### EXERCISE DATA

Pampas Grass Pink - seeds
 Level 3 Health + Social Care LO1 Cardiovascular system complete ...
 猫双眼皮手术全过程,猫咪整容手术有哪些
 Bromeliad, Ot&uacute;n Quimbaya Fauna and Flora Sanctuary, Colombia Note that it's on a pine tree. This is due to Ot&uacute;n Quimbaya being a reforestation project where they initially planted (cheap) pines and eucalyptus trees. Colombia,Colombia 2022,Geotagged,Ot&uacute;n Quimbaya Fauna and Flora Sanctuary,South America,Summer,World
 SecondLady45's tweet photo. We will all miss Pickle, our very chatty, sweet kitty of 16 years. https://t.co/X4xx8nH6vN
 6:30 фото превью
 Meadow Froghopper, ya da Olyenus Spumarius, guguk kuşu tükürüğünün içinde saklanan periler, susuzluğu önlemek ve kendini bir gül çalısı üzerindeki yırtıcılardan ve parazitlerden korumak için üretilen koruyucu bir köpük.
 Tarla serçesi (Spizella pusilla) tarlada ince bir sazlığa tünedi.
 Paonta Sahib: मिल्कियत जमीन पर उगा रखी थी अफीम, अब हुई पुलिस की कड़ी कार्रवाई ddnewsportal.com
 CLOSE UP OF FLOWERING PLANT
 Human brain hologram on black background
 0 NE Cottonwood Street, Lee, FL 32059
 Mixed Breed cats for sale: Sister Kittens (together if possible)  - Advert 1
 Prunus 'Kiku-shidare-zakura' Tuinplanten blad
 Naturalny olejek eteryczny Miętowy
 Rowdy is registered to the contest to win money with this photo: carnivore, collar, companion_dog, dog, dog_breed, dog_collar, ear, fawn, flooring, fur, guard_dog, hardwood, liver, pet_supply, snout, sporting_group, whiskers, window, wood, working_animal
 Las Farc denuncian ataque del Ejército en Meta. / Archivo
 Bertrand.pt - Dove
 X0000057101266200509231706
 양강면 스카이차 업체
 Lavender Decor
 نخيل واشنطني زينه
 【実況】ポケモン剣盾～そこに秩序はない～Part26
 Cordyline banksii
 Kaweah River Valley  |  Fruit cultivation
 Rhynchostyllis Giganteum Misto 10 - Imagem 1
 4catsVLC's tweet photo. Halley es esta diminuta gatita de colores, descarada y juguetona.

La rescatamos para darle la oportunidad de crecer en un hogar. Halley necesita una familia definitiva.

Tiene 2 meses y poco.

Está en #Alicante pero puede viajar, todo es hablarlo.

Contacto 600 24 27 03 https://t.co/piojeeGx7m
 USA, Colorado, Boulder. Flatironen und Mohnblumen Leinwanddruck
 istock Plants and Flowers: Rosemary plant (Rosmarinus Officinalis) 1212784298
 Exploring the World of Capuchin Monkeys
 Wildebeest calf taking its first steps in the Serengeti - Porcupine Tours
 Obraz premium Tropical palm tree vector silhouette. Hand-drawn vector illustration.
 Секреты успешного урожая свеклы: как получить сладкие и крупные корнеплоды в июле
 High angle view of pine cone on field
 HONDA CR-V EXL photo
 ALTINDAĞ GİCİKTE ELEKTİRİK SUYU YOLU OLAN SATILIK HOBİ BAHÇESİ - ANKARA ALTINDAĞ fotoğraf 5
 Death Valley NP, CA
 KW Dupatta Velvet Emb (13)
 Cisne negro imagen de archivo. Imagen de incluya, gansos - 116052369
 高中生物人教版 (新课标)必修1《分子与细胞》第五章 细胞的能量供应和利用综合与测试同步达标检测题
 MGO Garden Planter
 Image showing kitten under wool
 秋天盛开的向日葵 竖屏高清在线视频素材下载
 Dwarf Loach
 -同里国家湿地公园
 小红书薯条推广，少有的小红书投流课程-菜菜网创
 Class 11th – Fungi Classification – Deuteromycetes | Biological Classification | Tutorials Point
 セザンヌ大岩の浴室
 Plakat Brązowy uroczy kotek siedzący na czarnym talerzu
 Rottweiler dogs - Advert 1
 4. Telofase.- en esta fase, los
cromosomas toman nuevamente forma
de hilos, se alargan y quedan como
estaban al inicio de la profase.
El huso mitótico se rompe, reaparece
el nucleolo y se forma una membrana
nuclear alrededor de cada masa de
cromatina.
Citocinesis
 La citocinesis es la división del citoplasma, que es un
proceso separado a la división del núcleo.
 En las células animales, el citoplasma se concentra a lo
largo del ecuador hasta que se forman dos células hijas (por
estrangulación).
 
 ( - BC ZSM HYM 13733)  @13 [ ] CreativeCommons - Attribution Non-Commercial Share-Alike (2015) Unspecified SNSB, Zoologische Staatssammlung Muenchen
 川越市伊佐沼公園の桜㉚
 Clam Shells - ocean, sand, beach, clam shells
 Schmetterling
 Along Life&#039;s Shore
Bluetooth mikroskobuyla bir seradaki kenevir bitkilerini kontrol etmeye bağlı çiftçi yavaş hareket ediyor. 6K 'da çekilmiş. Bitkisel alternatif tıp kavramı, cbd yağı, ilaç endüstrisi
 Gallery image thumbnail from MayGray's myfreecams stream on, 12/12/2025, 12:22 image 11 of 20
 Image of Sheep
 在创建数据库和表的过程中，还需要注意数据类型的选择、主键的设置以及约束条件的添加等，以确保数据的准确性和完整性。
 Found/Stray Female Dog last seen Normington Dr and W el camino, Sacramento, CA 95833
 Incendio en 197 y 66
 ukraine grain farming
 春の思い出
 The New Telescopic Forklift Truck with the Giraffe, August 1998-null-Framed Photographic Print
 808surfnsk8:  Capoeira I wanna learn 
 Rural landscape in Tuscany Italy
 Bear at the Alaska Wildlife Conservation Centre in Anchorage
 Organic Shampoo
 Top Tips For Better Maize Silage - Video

######

◆ **WHAT THIS TASK INVOLVES**
Search the records above for the string "células". Report each line that has it.

◆ **EXERCISE OUTPUT**
 En las células animales, el citoplasma se concentra a lo
largo del ecuador hasta que se forman dos células hijas (por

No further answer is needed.